• [Record set]
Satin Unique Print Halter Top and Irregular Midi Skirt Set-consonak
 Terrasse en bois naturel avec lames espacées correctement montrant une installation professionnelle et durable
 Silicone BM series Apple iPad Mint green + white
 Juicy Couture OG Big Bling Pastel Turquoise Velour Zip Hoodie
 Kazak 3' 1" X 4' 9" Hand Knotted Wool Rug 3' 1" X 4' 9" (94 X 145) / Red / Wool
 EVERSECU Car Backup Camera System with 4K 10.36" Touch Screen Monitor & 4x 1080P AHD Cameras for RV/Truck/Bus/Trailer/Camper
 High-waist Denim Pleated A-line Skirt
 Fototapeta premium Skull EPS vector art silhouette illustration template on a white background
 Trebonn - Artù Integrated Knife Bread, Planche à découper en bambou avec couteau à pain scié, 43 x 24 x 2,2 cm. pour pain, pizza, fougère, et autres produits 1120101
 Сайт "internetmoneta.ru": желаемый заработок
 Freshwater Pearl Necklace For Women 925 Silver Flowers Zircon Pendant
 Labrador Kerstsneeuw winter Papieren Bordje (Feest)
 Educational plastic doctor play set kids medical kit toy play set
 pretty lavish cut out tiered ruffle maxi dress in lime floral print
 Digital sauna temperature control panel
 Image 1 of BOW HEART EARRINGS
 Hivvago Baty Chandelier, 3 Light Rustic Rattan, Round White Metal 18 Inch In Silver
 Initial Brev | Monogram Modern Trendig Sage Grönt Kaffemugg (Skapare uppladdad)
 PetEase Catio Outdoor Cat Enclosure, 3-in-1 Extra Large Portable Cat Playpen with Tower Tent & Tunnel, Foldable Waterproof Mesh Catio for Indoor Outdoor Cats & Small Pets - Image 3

• [Exercise objective] For this exercise, return every line from the data that holds the string "Image".

• [Task response]
 Image 1 of BOW HEART EARRINGS
 PetEase Catio Outdoor Cat Enclosure, 3-in-1 Extra Large Portable Cat Playpen with Tower Tent & Tunnel, Foldable Waterproof Mesh Catio for Indoor Outdoor Cats & Small Pets - Image 3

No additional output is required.